À LA RECHERCHE DU BONHEUR

Les chutes du paradis et la tour de l’union constituent l’objectif ultime à atteindre car ils représentent une promesse de paix. Paix de l’âme pour Carl qui pense ainsi combler le vide laissé par la perte d’Ellie, paix tout court pour Hiroki puisque cette tour qui scinde le cadre figure l’obstacle à l’unification politique de ce Japon uchronique. Et ce monde nouveau (ou perdu) ne pourra être atteint qu’en faisant correspondre un désir enfantin avec la réalité. Hiroki tentera coûte que coûte de tenir son engagement d’emmener Sayuri au-delà de la tour, le genre de promesse qui n’a de valeur sacrée qu’aux yeux d’un gamin amoureux de 15 ans. Surtout, Carl sera guidé par le collage effectué par Ellie alors gamine, représentant la maison de ses rêves au sommet des chutes, se fiant pour l’aider dans son expédition à une carte de l’Amérique du Sud plus que sommaire et qui semble exclusivement destiné aux enfants. Dans ces conditions, pas étonnant, c’est même d’une logique déconcertante, que les héros de Là-Haut atteignent ce monde fantasmé dès lors que Russel aura pris en charge le pilotage de la maison pendant l’inconscience de Carl. À chaque fois, pour parvenir au but, il faudra suivre ses convictions et son instinct, la technologie s’avérant soit destructrice (la guerre qui s’annonce dans La Tour…) soit inutile (Russel laissant involontairement échapper son super GPS, un gag aussi hilarant que signifiant).

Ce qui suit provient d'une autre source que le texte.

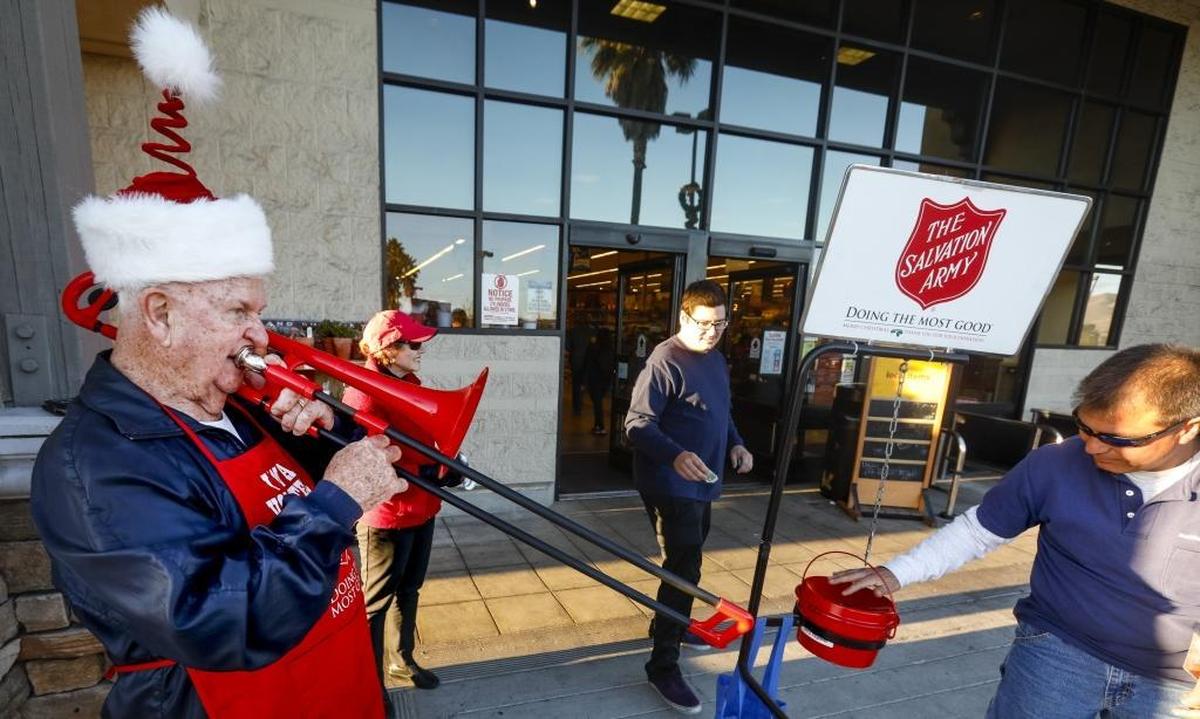 Bruce “Scotty” Scott plays trombone as his wife Janice bell-rings for Salvation Army’s Red Kettle collection at the Vons in Nipomo.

De sensibilités distinctes, les deux films proposent néanmoins à leurs protagonistes une quête similaire, la recherche d’un bonheur perdu et qu’il s’agit de retrouver. Bien qu’il soit à portée, dans la vie radieuse passée auprès d’Ellie ou dans la proximité et la communion spirituelle de Sayuri, Carl et Hiroki ne peuvent se contenter de souvenirs ou d’une présence évanescente. Pourtant, la félicité ne sera pas consécutive à la réalisation d’un but déterminé mais lorsqu’ils auront enfin lâché prise, soit une fois l’accomplissement personnel achevé. Celui-ci ne consiste finalement pas à s’enfermer dans la nostalgie de jours heureux que la recherche d’un paradis personnel perdu symbolise mais bien à atteindre ce moment où se confondent les aspirations de jeunesse et l’expérience acquise par une vie d’adulte.

Jouant sur différents registres, l’humour pour Pixar, le romantisme pour Shinkai, Là-Haut et La Tour Au-Delà Des Nuages génèrent pourtant un émerveillement comparable autant que des émotions intenses. Et voir ces deux films prodigieux constitue un véritable petit bonheur cinéphilique.